I have a dear friend, with whom I have frequently (and occasionally annoyingly) waxed lyrical about the necessity of "change" and how it must be embraced with affection and a hungry sense of curiosity. Of course, I believe that...but I will admit to her that change is not always easy. Life is full of curves and bends and that can make life very interesting. There is often, however, a small measure of anxiety in not knowing for certain what will appear around the next corner.
|Not that we ever run fast enough...but generally good advice.|
Setting out in any new direction is a time for a deep breath, a desire for exploration, and an open mind. And not unlike leaving the safety of the trailhead parking lot, with a new and intriguing hill to climb - there must be a degree of planning and preparation. There's the need for a map and compass, extra clothes, water bottles topped up, adequate "nourishment" for the journey, and sufficient spirit of adventure to explore trails that beckon - especially those that may not even be on the map.

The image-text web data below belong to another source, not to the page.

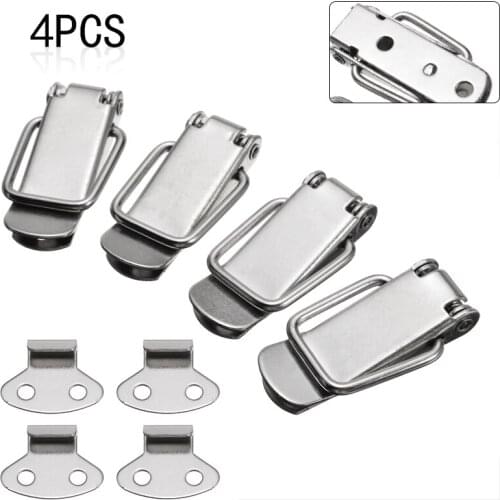 4Pcs/set Furniture Cabinet Boxes Latch Catch Clamp Clip Spring Loaded Latch Catch Toggle Iron Hasp for Door Cabinet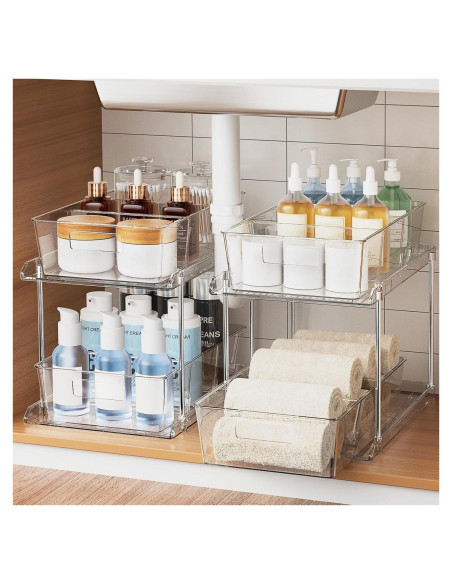 Organizador de Baño FabSpace 2 Niveles Transparente 2 Pzs Organizador de Baño FabSpace 2 Niveles Transparente 2 Pzs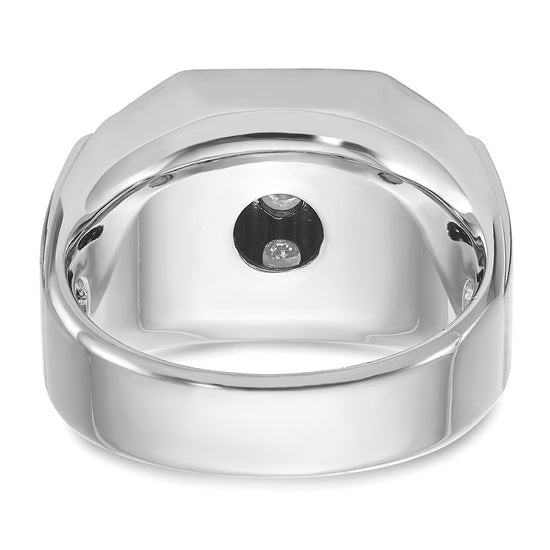 14k White Gold Men's Polished and Satin 1 1/5 Carat AA Quality Diamond Cluster Ring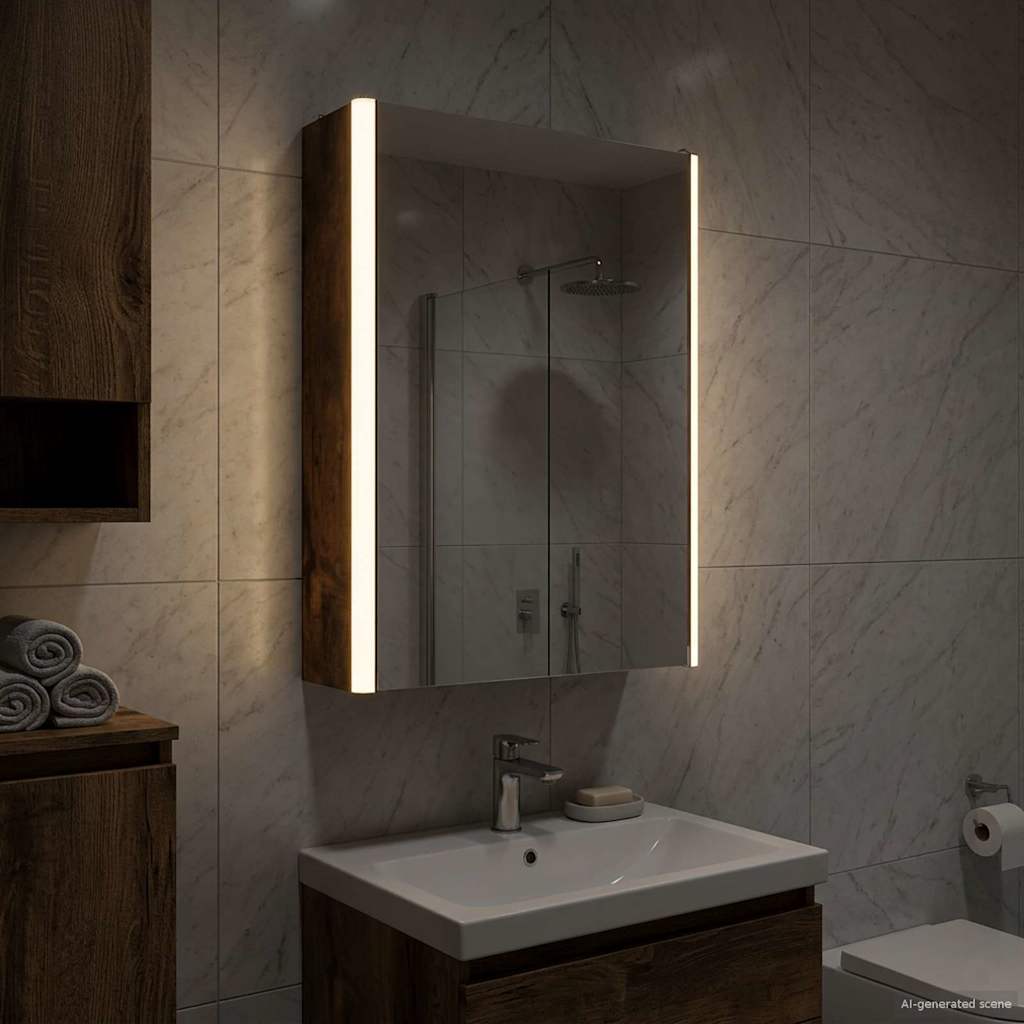 Bathroom Mirror Cabinet Smoked Oak 33 x 11.5 x 50 cm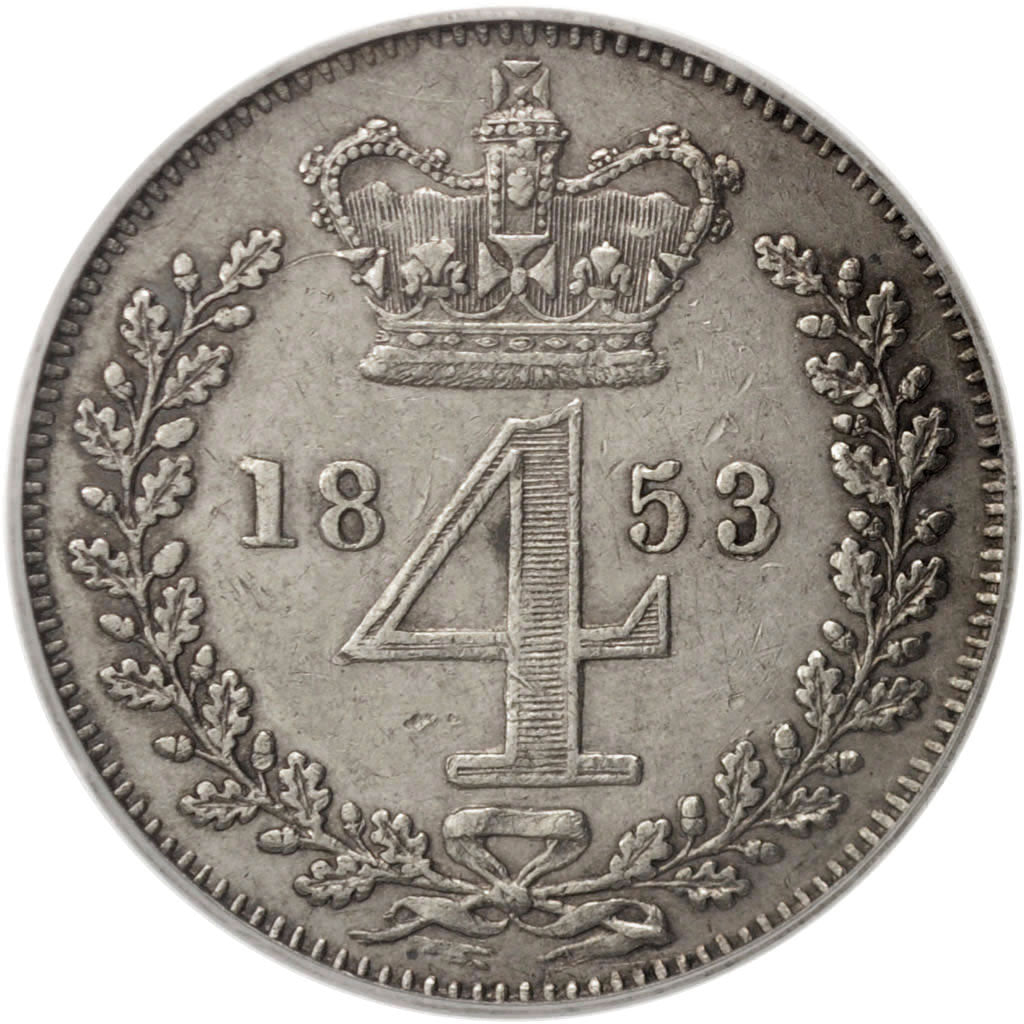 Great Britain, Victoria, 4 Pence, Groat, 1853, PCGS, AU50, Silver, KM:732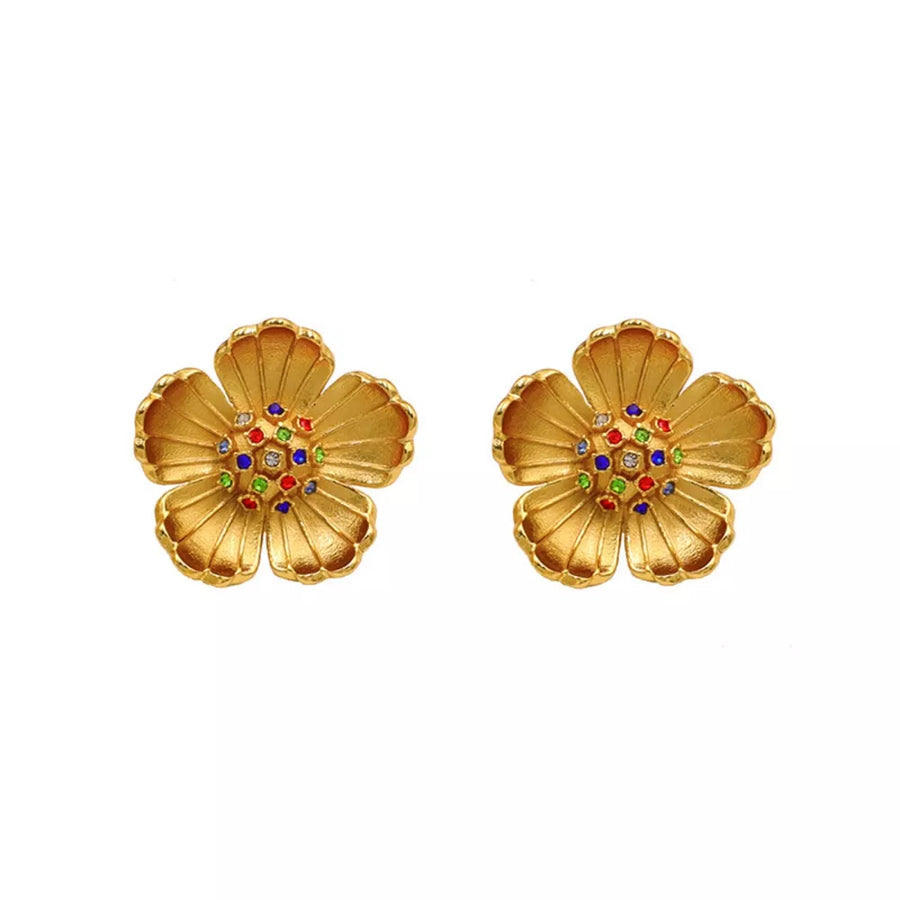 earrings featuring floral in gold with 18K Gold-Plated,Titanium Steel,Zircon Care instructions: Avoid wearing during ex
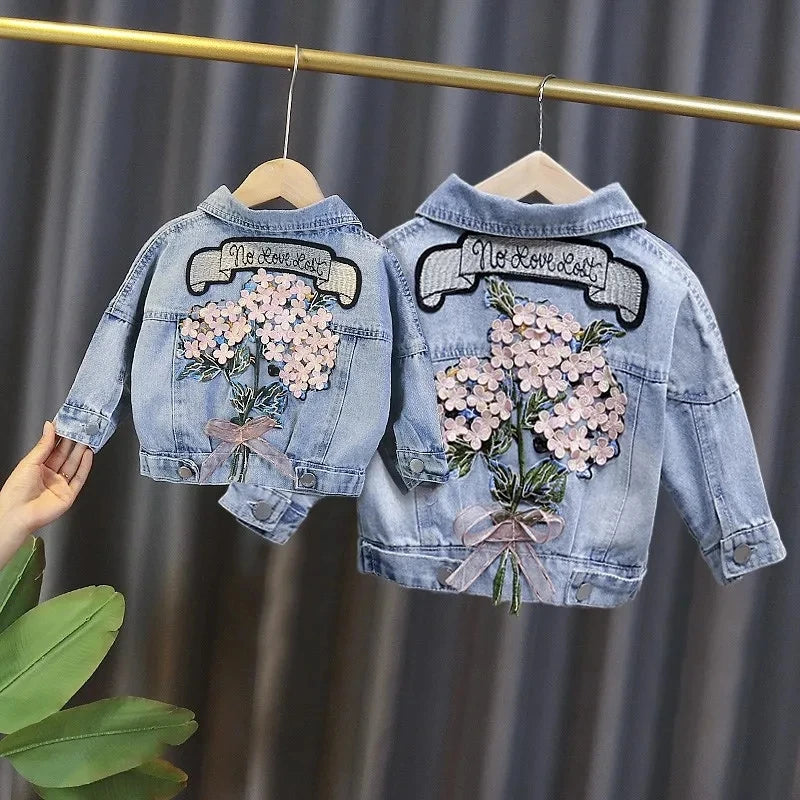 Kids Denim Jackets for Girls Baby New Flower Embroidery Coats Fashion Spring Autumn Children Outwear Ripped Jeans Jackets 1-5Y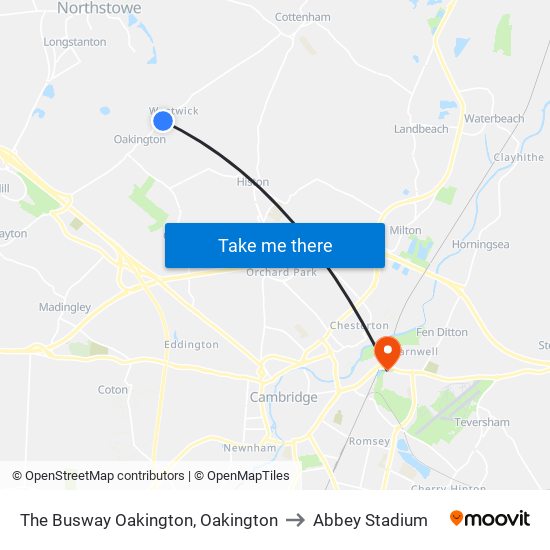 The Busway Oakington, Oakington to Abbey Stadium map
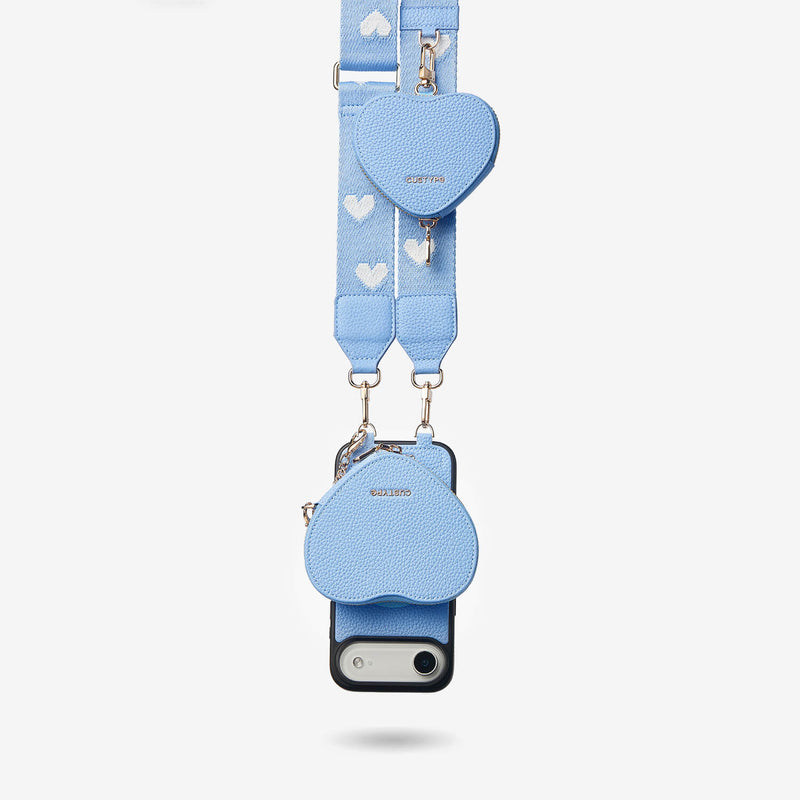 Heart Airpod Kit- iPhone Crossbody Case with Magnet & Airpods Pouch-Mobile Phone Cases-DETACHABLE WALLET & PHONE POUCH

After planning and preparation, some sense of continuity is also essential. Continuity brings comfort. The pack that you know fits well, the hiking boots that feel familiar, the rain gear that has already proven to be dependable serve to enhance the experience. There is less left to chance. You know you can trust and depend on your kit.
I suppose that's what "comfort food" is all about especially when everything around seems strange and new, or when the "territory" is just a little unfamiliar. For me, it's a good time to sit down to a steaming casserole of macaroni and cheese, just the way mum made it when I was a little boy - with extra strong cheddar and a crispy topping of oven-broiled Parmesan cheese. A few mouthfuls, and life seems normal again. The gastronomic pleasure, experienced decades ago, returns and there is a reconnection to a time that was safe and comfortable and familiar.
|Almost home...and ready to welcome the corners and curves of change.|
So yes, new adventures and directions always benefit from planning and preparation. And after you set out from life's familiar "trailheads", the moments of uncertainty (that will come) can be soothed by a gentle retreat into the familiar.
The morning run, once again, is that familiar place for us. It serves as an anchor, a place of sanctuary, an opportunity for refreshment and revitalisation. It is the comforting and strengthening routine that ensures, for the rest of the day, we'll more confidently brave the corners and the curves.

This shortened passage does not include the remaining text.